Applause extras (over 30!)
Earlier in the evening many of the protagonists in this production also suffered the fate of having to stand on the stage in the white underwear of the costume designer Uta Heiseke under the lighting of Ulrich Niepel. Sometimes you might even get the impression that Stefan Herheim wants to compete with the latest creations of Palmer, or is it – especially in view of the sexual acts shown – an erotic obsession?! In addition, there is an apparent infatuation with the antiquated stage design stylistic device of flowing white cloths, which sometimes serve as projection screens and repeatedly disappear into the grand piano or emerge from it, and smaller versions of which are also often sniffed at.
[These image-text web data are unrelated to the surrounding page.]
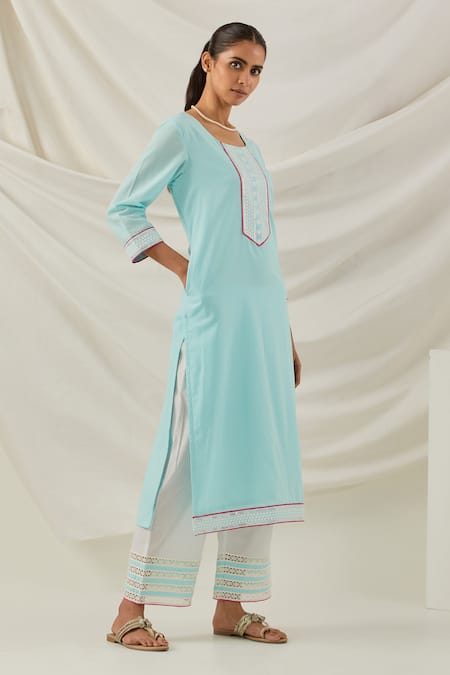 Shop_The Indian Cause_Blue Cotton Piping, Embroidery, Sequins Round Placed Butti Kurta Palazzo Set _Online_at_Aza_Fashions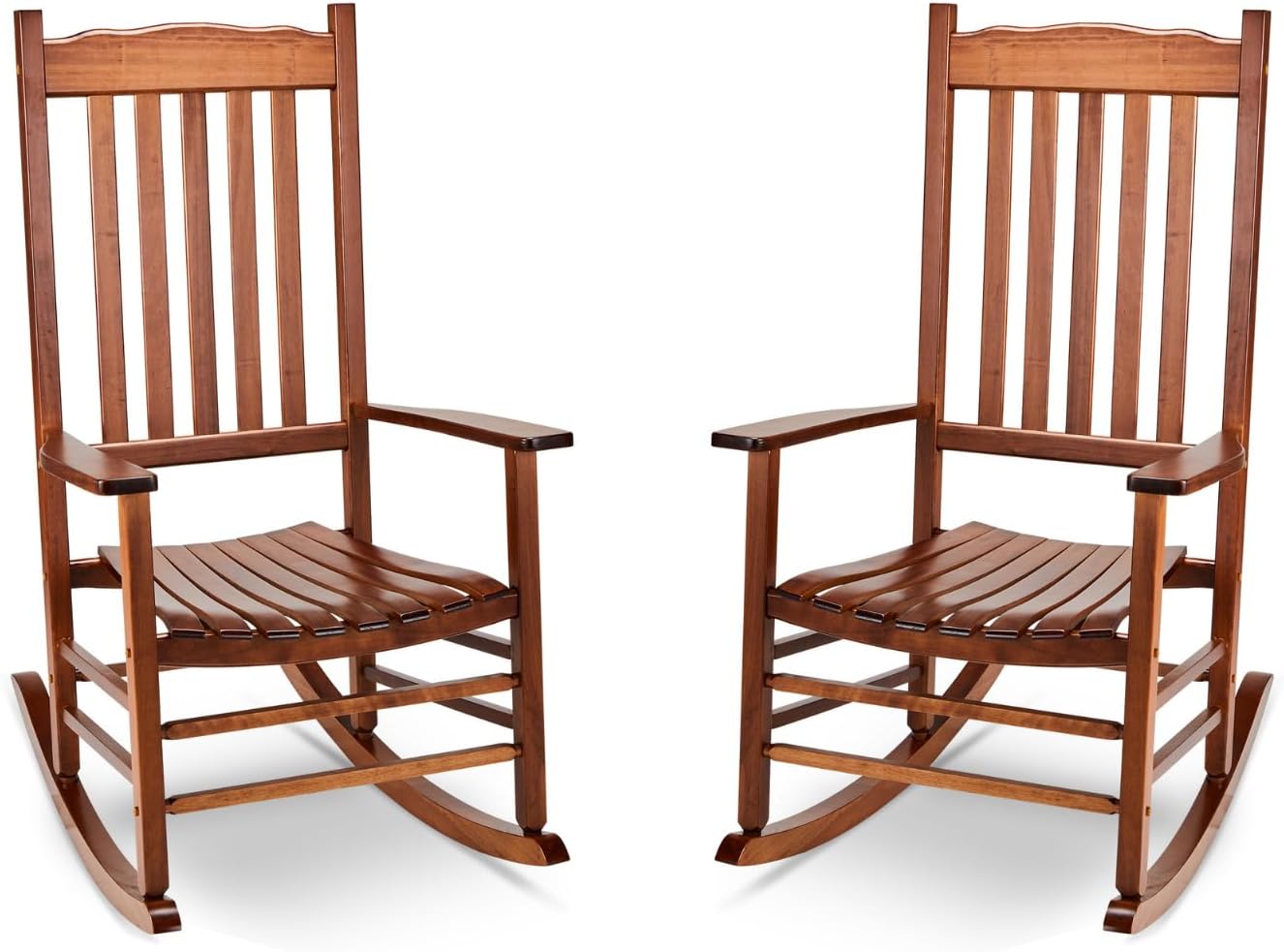 Outvita Outdoor Rocking Chair Set of 2, Solid Wood High Back Rocker, All Weather Lounge Chair for Porch Patio Fire Pit Garden Backyard Deck Indoor, Wave Shape, Natural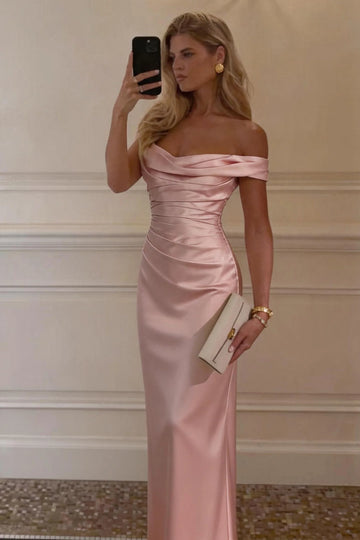 Sheath Off-the-Shoulder Short Sleeve Satin Ruched Lace-Up Evening Dress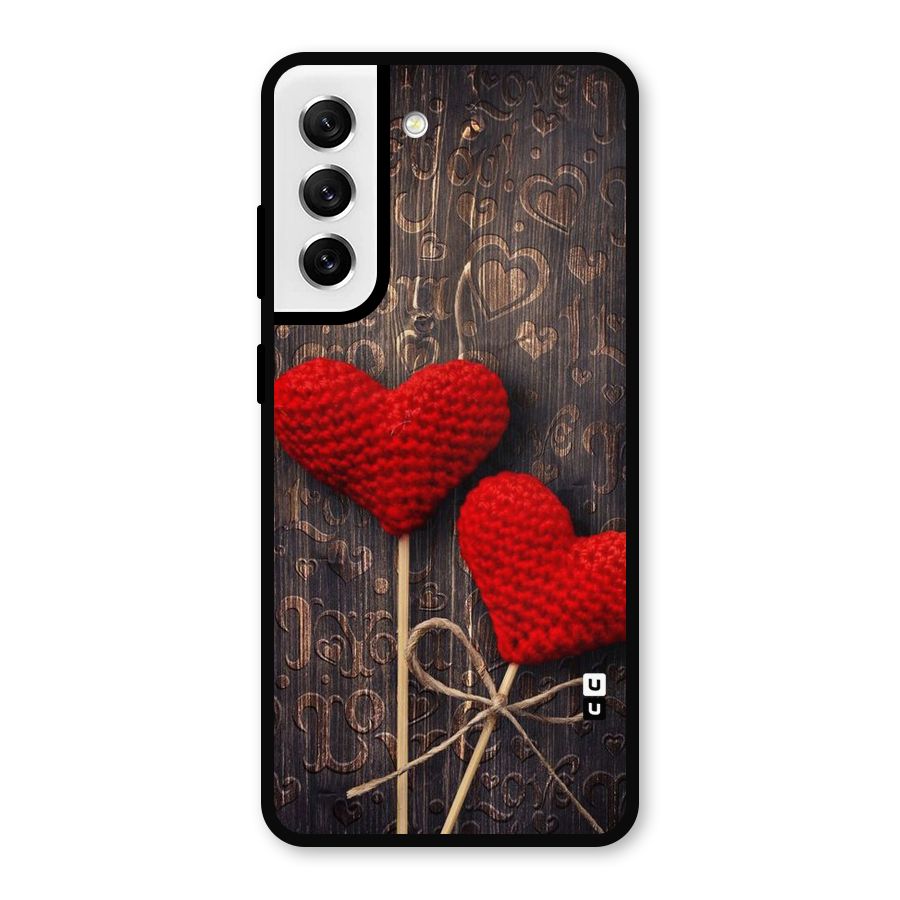 Thread Art Wooden Print Metal Back Case for Galaxy S21 FE 5G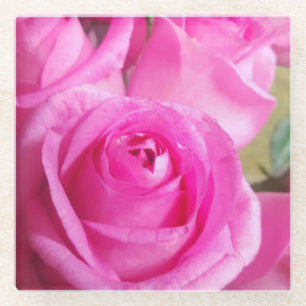 Lebhafte rosa Rosen Glasuntersetzer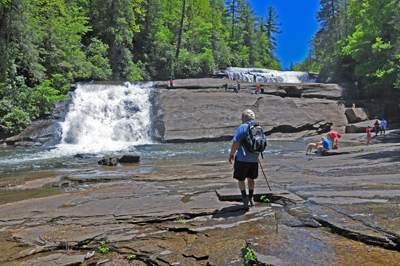 Lee Duquette approaching the falls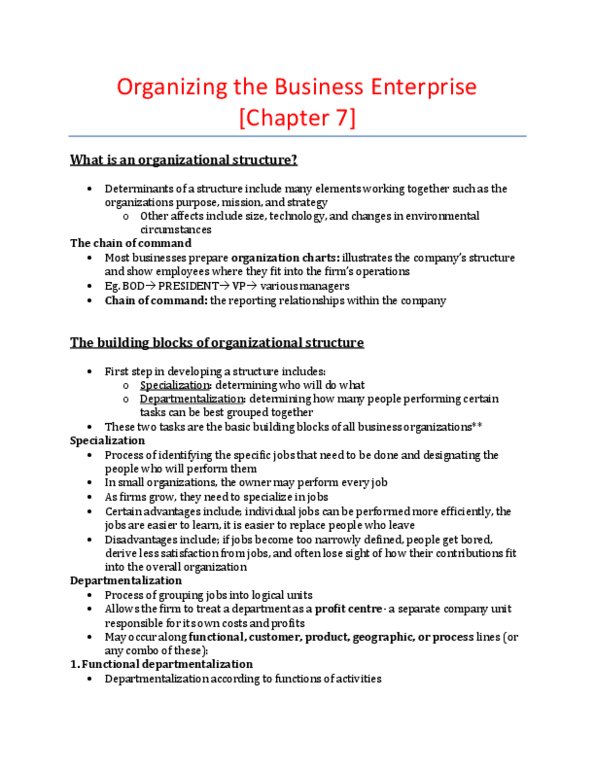 RSM100Y1 Chapter Notes - Chapter 7: Departmentalization, Profit Center, Organizational Structure thumbnail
There are some exceptional moments, although even these still have the piano in the center of the stage with the protagonists pretending to play it mindlessly, but otherwise the evening bustles along with these kinds of activities set against the dreary and all-encompassing suitcase environment. These are certainly among the pieces of luggage that you would not miss or want to see again if they were to get lost!
Fortunately, the singing ranged from good to very good. The US-American Clay Hilley was making his debut as Siegfried in Berlin and displayed a strong heroic tenor voice, even if he could, in my opinion at least, have showed a little more character and expressiveness. But he mastered the great challenges of this giant role without any problems. Nina Stemme sang her usual good Brünnhilde in the last act, impressive again with her full and melodious middle register, stretching to the limit of vocal possibilities in the top notes. I can’t comment here on how comfortable she felt in this production! After his Wotan in “Walküre”, Iain Paterson is now also singing The Wanderer, which seems to suit him even better because of his poetic expression. With his rather bright bass-baritone he effortlessly creates impressive high points in his interpretation. Jordan Shanahan is an unusually strong and concise Alberich who is required to come onto the stage at the most impossible moments, or in some cases is already on it before the action even starts. The 32-year-old Taiwanese tenor Ya-Chung Huang plays and sings an extremely impressive Mime, who is dressed as Richard Wagner himself, which is presumably a gag. Tobias Kehrer sings and dies powerfully as Fafner, and at the end he also lies down in his underwear on the prompt box. Judit Kutasi, following her performance in “Das Rheingold”, remains a strong Erda here in “Siegfried” with a powerful mezzo – and an impossible costume similar to what my grandmother used to wear in front of the TV. But at least she was spared the white underwear! Sebastian Scherer, soloist in the boys' choir of the Chorakademie Dortmund e.V., sings a treble Woodbird whilst performing a variety of stage actions. The sound was not to my taste, but the audience liked it.
The production team will not be required to appear in front of the audience until the day after tomorrow at the end of “Götterdämmerung”. I am curious to see what the reaction will be.